▶ **Task item**
Could you set down exactly the lines of the data below, starting at the one that holds "na obr. 2).<br>" and ending at the one that holds "by Assymetry Index", both included, and only those?

▶ **Provided records**
* * * * *

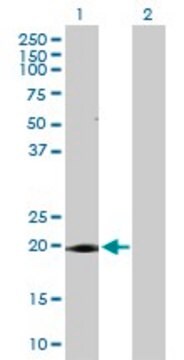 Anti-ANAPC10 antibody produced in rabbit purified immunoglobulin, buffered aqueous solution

* * * * *

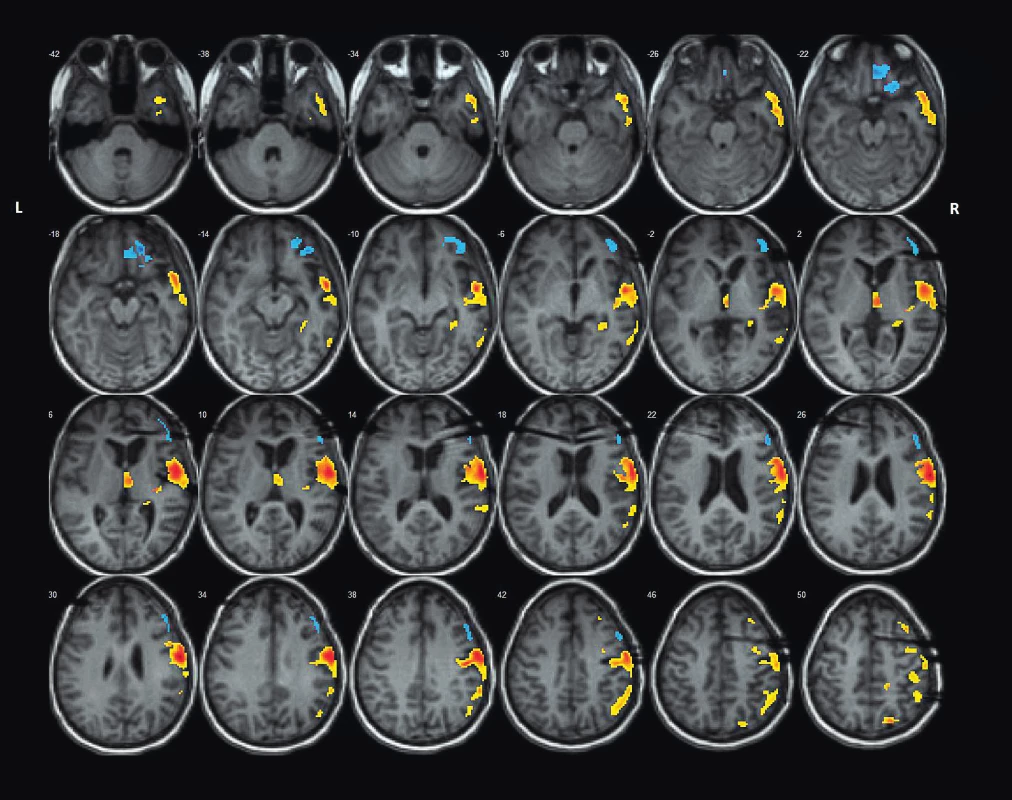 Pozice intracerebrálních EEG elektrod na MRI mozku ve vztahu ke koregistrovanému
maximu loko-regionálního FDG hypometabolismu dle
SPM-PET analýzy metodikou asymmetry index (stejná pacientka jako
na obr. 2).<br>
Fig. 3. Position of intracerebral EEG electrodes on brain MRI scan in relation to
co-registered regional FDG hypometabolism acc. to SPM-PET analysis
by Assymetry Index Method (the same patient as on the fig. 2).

* * * * *

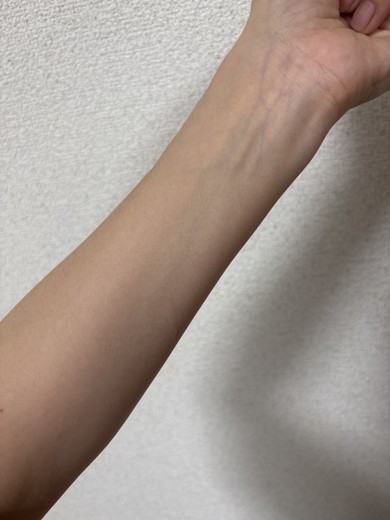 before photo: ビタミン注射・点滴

* * * * *

▶ **Answer**
na obr. 2).<br>
Fig. 3. Position of intracerebral EEG electrodes on brain MRI scan in relation to
co-registered regional FDG hypometabolism acc. to SPM-PET analysis
by Assymetry Index Method (the same patient as on the fig. 2).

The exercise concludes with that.